▸ **What you will do**: Look in the listing below for the line that has "Zebralar Çim Güzel", then return it and each following line up to and including the one with "Sloth or Beaver Coaching Toolkit® card sets", exactly and without pictures.

▸ **Raw data**:

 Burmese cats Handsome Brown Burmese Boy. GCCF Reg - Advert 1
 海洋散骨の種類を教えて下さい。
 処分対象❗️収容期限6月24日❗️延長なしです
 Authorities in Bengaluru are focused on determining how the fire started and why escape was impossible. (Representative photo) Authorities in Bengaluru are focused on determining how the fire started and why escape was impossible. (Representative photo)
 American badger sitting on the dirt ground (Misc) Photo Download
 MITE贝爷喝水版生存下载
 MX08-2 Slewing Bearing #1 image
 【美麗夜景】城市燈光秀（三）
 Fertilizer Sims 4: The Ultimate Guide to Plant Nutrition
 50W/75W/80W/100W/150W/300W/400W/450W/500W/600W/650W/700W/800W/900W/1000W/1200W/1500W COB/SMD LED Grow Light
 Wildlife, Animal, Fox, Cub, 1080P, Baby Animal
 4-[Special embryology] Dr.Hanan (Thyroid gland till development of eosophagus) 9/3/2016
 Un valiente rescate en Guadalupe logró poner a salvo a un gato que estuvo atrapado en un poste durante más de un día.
---
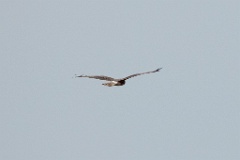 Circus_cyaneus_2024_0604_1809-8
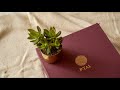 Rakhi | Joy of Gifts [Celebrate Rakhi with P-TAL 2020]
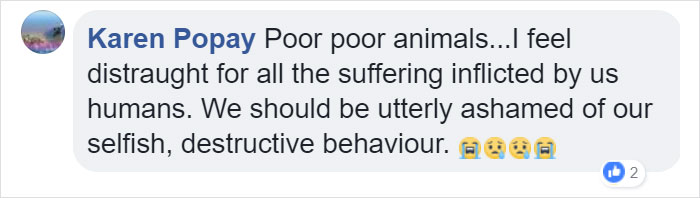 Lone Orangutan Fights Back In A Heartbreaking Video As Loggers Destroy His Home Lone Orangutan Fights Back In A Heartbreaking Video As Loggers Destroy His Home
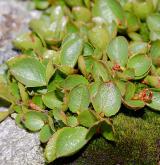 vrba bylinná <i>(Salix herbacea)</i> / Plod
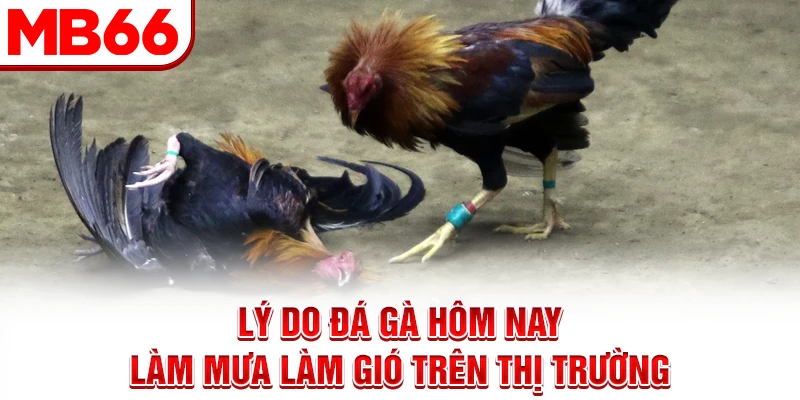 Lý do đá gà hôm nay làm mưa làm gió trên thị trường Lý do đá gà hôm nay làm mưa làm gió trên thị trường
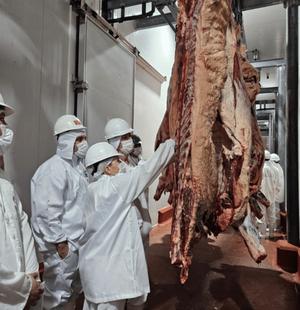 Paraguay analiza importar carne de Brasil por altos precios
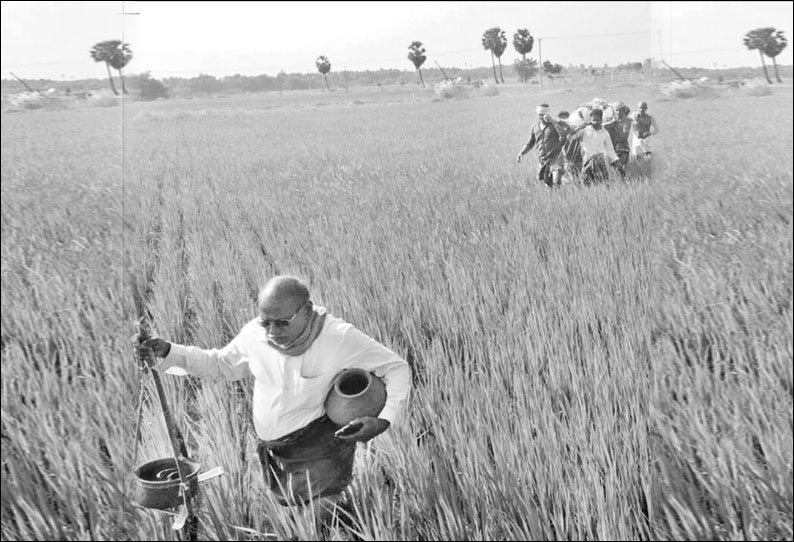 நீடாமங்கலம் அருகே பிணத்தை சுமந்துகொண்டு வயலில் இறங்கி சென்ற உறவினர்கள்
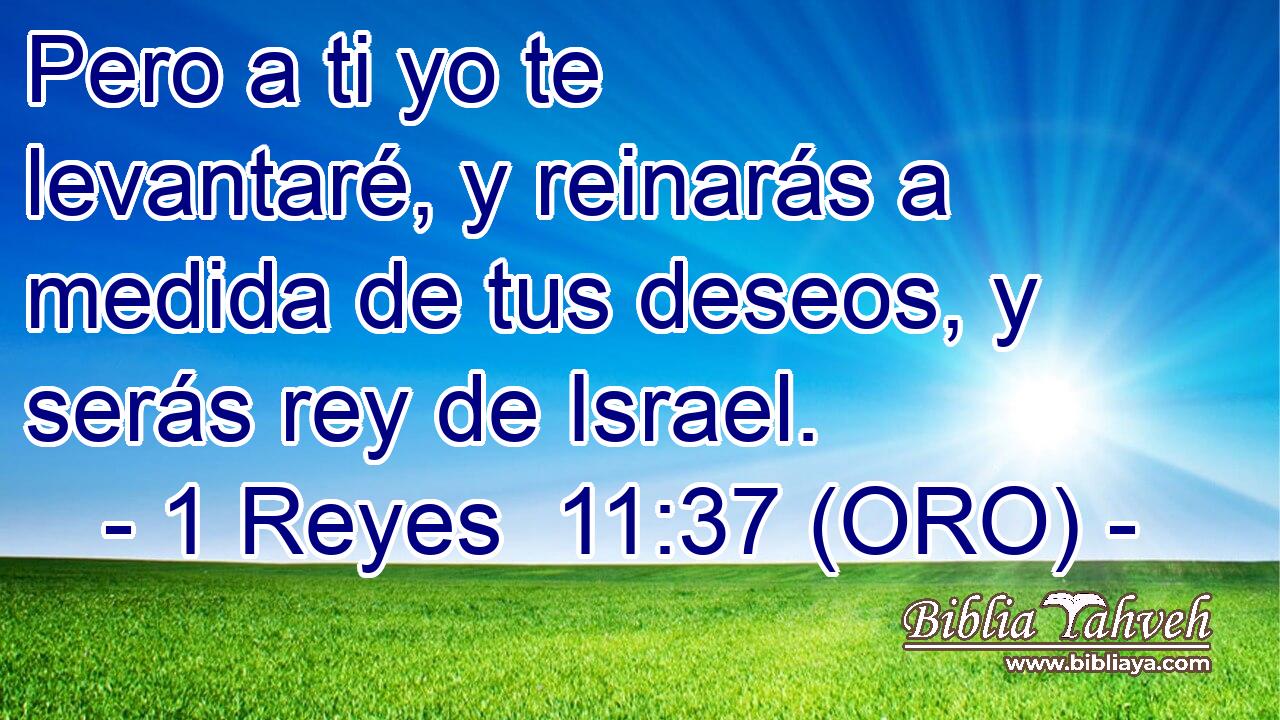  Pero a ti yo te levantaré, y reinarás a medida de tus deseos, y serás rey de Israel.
...
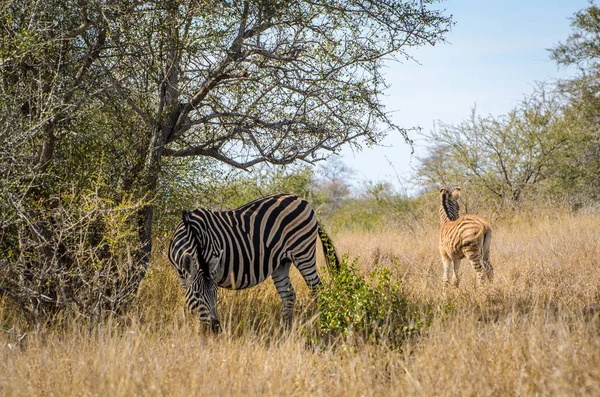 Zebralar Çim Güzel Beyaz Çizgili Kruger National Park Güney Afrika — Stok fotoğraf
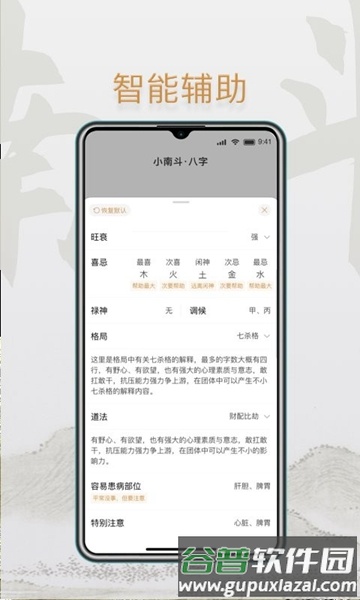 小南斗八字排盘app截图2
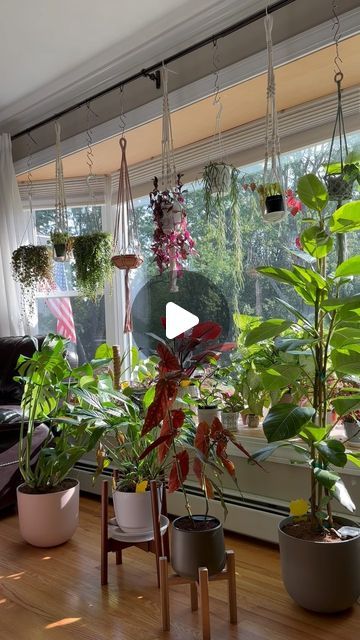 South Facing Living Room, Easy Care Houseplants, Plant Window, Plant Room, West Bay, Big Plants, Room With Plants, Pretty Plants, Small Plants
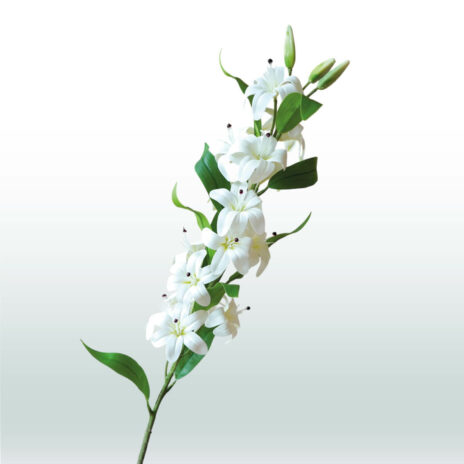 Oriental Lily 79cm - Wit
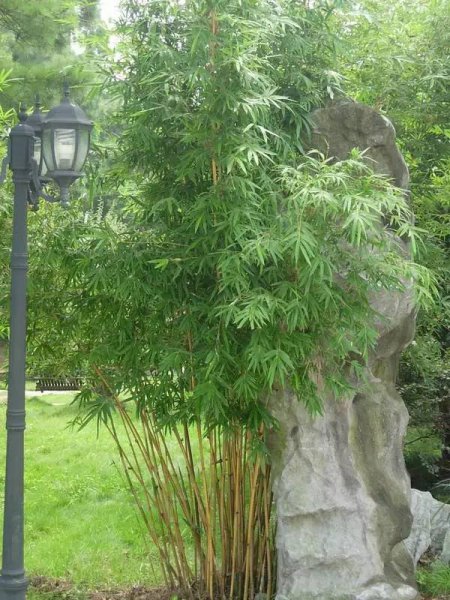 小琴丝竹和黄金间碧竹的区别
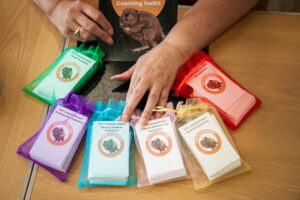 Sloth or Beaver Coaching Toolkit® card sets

▸ **Answer section**:
 Zebralar Çim Güzel Beyaz Çizgili Kruger National Park Güney Afrika — Stok fotoğraf
 小南斗八字排盘app截图2
 South Facing Living Room, Easy Care Houseplants, Plant Window, Plant Room, West Bay, Big Plants, Room With Plants, Pretty Plants, Small Plants
 Oriental Lily 79cm - Wit
 小琴丝竹和黄金间碧竹的区别
 Sloth or Beaver Coaching Toolkit® card sets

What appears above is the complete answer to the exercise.